Contrôler les chômeurs, un jeu dangereux ?
ALBIN,DIDIER
Emploi Une étude universitaire en montre l’intérêt
Dans le monde syndical, les résultats de la dernière étude de l’Institut de recherches économiques et sociales (IRES) de l’UCL et de l’Université de Gand font l’effet d’une douche froide. Pendant trois ans entre 2004 et 2006, des chercheurs ont étudié l’impact du contrôle de la disponibilité des chômeurs auprès des 24-29 ans. En Flandre, il apparaît que la mesure améliore le taux de remise au travail de près de 10 %. On passe d’une moyenne de 35 à une moyenne de 45 %. C’est un peu moins en Wallonie, mais l’impact de l’activation s’établit quand même à une hausse de 6 % du total des retours à l’embauche.

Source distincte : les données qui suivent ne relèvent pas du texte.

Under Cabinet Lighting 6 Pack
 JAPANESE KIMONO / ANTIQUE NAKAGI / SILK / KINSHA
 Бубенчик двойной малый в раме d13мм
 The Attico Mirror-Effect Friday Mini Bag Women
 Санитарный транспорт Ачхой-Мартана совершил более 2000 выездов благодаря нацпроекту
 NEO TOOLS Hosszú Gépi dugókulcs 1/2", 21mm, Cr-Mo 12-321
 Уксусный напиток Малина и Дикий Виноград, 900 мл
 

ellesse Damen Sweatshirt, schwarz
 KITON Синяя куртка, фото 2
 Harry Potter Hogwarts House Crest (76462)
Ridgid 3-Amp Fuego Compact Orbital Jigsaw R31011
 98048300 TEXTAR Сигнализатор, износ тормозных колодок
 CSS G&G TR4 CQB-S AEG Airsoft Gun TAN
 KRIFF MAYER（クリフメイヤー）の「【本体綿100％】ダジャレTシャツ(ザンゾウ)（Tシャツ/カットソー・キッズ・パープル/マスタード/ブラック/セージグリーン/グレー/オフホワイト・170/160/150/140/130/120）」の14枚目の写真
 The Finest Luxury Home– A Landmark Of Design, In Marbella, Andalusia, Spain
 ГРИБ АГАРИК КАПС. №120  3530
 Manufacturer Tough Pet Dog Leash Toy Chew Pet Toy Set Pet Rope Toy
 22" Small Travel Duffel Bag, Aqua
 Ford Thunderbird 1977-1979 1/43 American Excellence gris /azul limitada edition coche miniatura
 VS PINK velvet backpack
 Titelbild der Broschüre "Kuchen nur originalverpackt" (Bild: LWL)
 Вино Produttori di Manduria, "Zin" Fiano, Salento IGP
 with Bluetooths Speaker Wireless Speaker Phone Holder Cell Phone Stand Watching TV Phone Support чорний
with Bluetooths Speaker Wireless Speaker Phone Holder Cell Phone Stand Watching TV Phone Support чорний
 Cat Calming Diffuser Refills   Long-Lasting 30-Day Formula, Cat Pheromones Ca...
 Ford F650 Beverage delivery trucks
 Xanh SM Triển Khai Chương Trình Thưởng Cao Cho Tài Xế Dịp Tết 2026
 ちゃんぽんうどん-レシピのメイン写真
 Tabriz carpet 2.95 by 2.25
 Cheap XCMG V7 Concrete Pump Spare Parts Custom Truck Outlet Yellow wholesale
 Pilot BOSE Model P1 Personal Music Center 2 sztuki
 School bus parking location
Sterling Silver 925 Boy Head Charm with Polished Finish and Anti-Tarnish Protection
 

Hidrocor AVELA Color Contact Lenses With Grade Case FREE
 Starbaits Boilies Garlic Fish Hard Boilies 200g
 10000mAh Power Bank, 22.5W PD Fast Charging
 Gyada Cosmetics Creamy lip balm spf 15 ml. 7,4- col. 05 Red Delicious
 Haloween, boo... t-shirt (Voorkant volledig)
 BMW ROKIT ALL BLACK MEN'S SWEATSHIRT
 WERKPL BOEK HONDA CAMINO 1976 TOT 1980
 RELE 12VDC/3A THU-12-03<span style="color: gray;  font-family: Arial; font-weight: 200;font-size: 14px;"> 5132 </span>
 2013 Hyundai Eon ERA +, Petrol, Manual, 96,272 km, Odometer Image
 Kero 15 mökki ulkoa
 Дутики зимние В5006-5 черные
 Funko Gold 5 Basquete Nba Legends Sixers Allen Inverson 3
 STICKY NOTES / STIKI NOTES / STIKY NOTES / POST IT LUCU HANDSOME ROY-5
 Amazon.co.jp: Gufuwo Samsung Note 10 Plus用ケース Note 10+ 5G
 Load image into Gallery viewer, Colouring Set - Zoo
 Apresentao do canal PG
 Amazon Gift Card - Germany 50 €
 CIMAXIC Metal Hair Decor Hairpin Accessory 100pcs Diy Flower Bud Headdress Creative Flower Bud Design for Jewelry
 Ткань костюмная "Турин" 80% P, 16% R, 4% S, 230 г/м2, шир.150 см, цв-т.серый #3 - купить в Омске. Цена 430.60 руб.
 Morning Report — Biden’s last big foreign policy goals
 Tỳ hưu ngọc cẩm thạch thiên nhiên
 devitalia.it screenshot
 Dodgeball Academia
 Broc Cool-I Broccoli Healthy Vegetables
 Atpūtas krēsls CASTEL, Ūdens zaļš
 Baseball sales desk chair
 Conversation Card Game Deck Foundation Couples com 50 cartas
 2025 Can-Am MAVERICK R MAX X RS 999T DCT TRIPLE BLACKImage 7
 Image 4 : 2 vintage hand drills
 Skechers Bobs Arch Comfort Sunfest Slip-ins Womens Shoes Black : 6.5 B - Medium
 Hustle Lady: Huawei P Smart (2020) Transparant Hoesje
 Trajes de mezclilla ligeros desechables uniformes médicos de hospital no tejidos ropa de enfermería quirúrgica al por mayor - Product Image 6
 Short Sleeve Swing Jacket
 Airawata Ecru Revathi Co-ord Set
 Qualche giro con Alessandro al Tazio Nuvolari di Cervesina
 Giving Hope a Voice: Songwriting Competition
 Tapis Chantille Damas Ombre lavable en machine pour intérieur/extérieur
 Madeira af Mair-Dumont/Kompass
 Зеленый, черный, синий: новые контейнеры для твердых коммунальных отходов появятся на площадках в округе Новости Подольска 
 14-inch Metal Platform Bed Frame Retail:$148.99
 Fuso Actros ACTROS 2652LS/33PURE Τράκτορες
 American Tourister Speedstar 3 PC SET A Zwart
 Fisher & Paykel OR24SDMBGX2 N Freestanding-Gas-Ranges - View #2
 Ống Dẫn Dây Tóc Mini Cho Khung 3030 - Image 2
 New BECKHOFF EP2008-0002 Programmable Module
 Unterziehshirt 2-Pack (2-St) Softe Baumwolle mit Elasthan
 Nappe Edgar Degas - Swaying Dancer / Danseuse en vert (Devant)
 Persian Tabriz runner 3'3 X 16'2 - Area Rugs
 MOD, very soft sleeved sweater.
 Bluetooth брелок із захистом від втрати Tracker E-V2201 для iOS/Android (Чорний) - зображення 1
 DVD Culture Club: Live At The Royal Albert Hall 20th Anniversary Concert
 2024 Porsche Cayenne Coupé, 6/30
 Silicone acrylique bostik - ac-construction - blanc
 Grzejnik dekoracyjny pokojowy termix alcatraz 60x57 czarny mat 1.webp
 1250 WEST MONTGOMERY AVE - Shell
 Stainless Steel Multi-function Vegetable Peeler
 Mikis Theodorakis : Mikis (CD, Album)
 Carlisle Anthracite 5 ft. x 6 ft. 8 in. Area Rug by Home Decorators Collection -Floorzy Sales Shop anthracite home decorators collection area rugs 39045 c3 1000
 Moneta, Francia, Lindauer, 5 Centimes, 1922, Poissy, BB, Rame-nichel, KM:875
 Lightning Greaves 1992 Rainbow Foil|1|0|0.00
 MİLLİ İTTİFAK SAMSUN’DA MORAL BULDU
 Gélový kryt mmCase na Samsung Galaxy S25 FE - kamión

L’étude en déduit que ça marche, quelle que soit la région où le dispositif s’applique. A cette nuance près : un système de contrôle de recherche d’emploi est plus efficace dans un marché du travail où les offres d’emploi sont abondantes. Il n’en faut pas davantage pour faire bondir le permanent interprofessionnel en charge des travailleurs sans emploi de la régionale CSC de Mons-La Louvière. Dans une sous-région du Hainaut où le chômage atteint jusqu’à 30 % de la population comme c’est le cas à Colfontaine, Mathieu Diku s’inquiète des recommandations de cette étude qui plaide pour une accélération des contrôles.
« En plus de 10 ans, nous n’avons pu observer significativement une baisse du chômage dans notre régionale et les chiffres paraissent comme “incompressibles” avec pour conséquence l’établissement progressif de ghettos, de générations de chômeurs. D’autres observations sur la création d’emplois démontrent que ces dernières années, le nombre d’emplois créés à temps plein n’a pas augmenté proportionnellement à la population active et que, si augmentation d’emplois il y a eu, c’est par l’accroissement des contrats précaires (temps partiel, intérim, win-win…). »
Fragilisation
Par ailleurs, le permanent observe que sur Mons-La Louvière, les perspectives réelles d’embauche sont rares. « Les peu qualifiés restent les premières victimes d’un plan qui a montré ses limites dès sa mise en œuvre. Un contrôle anticipé n’aura pas d’autre effet que de fragiliser davantage les plus vulnérables. »
Le service TSE de la FGTB de Charleroi confirme. Le siège carolo de l’Onem se montre très sévère en termes de sanctions. En moyenne, 210 hommes et femmes sont convoqués chaque jour pour s’expliquer sur leurs démarches de recherche d’emploi. Ont-ils répondu à des offres, envoyé des CV, comment se sont-ils comportés face à des employeurs potentiels ? Il leur faut apporter des preuves de leur activation. Les entretiens durent de 30 à 40 minutes sur un plateau où travaillent une vingtaine de facilitateurs. Le chômeur doit faire attention à ce qu’il dit, à ne pas être en litige avec l’Onem. Sous peine de se voir exclure de ses droits au chômage temporairement ou définitivement.
Entre 2003 et 2008, la part mensuelle des sanctions temporaires chez les chômeurs complets indemnisés – la « fréquence de sanction » – a quasi triplé. En 2009, elle était de 23 % chez les demandeurs de moins de 50 ans.
De l’emploi et de l’emploi de qualité pour tous plutôt qu’une agitation inefficace dans le but de mettre la pression sur les demandeurs d’emploi : telle est la revendication syndicale. La CSC Mons-La Louvière et son groupe de militants entendent le faire savoir.
les chiffres
40.000 entretiens
de contrôles d’activation de la recherche d’emploi sont effectués chaque année par le siège régional de l’Onem de Charleroi.
50 %
C’est la part de demandeurs d’emploi inoccupés de moins de 50 ans qui a retrouvé du travail entre 2004 et 2008, grâce à une conjoncture favorable
39 %
des demandeurs d’emplois contrôlés dans la région de Mons-La Louvière sont sanctionnés au terme de leur dernier entretien.